Remember back when I launched a podcast? You know, the podcast that only ever had one episode? Yeah. Would you believe that I've wanted to play around with web video for years? I bet you would believe that, yes. And I bet you'd also understand why, given my one-episode podcast, I may have shied away from diving in. Novelty junkies shouldn't be trusted to make long-term commitments.
So take this all with a grain of salt, but here's the deal.
I was finally kicked in the patootey to take up my digicam when the lovely marketing director at Adobe Ideas asked me to. Flattery is like cookies, see. She asked if I'd consider telling the story of how I used their app to design my screens, from my summer screen-printing extravaganza.
Now, yes. Ordinarily, I'd be very cynical about such a request. I'd probably spare no time deliberating a tweet that would go something like, “Damn massive companies shouldn't ask bloggers to do their advertising work FOR FREE.”
So here's why I didn't hesitate to agree to do the video:
It was an excuse to do something I've wanted to do for a very long time, regardless of whether it would benefit someone else.

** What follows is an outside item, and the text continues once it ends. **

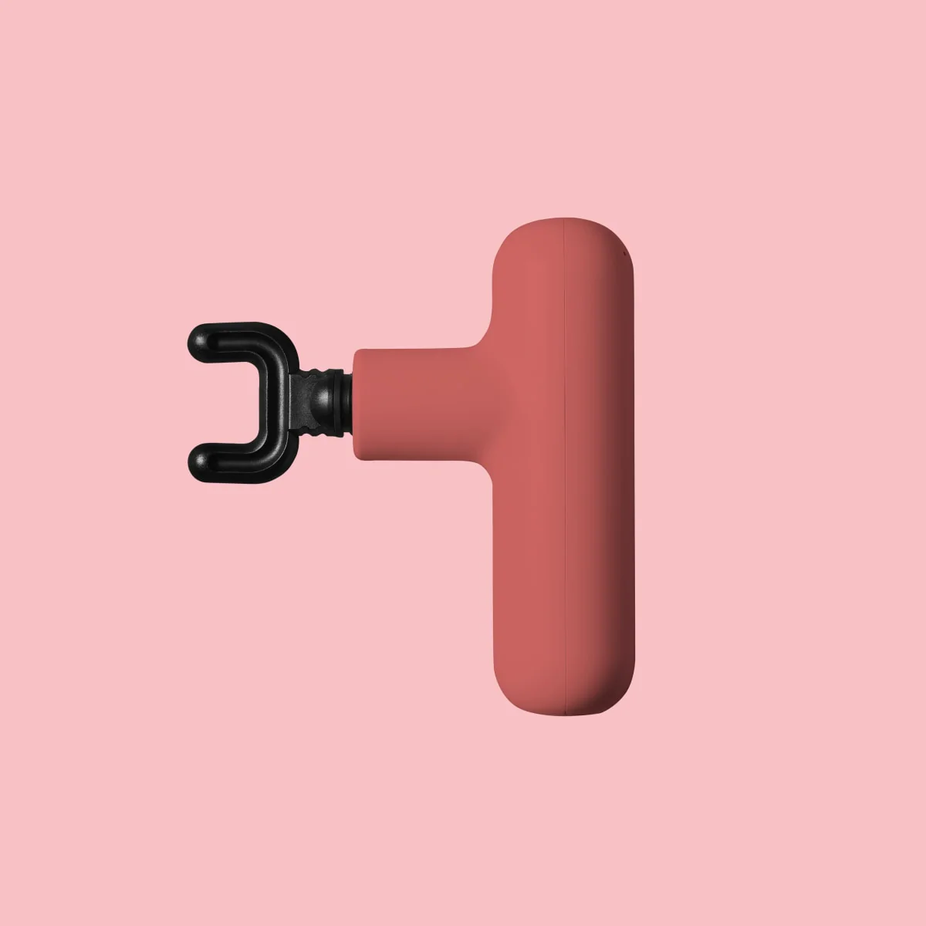 Massage Gun - Coral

Adobe wasn't asking for the rights to my video. They gave me no specs I had to follow. So really, I was kicked in the ass to make my first (and only? stay tuned…) videoblog post, I can post said post anywhere I want, and they can post it, too. Also, I felt genuinely cared-about by the marketing director. She didn't ask me to do this out of the blue. We'd already been in touch about the app, and she fell prey to none of the stupid things marketers do when they want something from bloggers. I respect her a lot, and I've enjoyed our occasional witty email exchanges. I'm sorry to see them end, really. Also, I honestly love the app.
Finally? Dude. They're Adobe. Adobe posting my wee video has the potential to reach a ton of people who don't already frequent this here blog. Maybe you're one of them. Hello!
Moving on. This project was tremendously fun and informative. For example, I had a very elaborate plan for it. I storyboarded my elaborate plan. I even filmed half the storyboarded bits. And it sucked. Like, horribly. It was the most boring video in the history of Ritz crackers.
That was a huge lesson. Even though I'm talking really slowly and lack energy at the beginning of this clip, believe me when I say it's downright riveting compared to my first go.
So. Lesson the second: Just record and go. The reason I didn't do more podcasts was that I'm a perfectionist in storytelling, especially when it's someone else's story. An hour's worth of interviews takes me several hours to edit. My goal with this videoblog: No more than two hours spent on each episode, total. I shot this first bit in one go, then edited it. It was quick and dirty, which is apparent. I'll get better at it. I'll be energetic out of the gate in the next one, that's for sure. My goal is to get them out. Perfectionism is my nemesis.
I already have ideas for Videoblog posts numbers two and three. We'll see if I can pull it off.
Regardless, are you even interested to see these? I mean, your lack of interest might not stop me, but I'd be lying if I said your positive interest wouldn't energize me.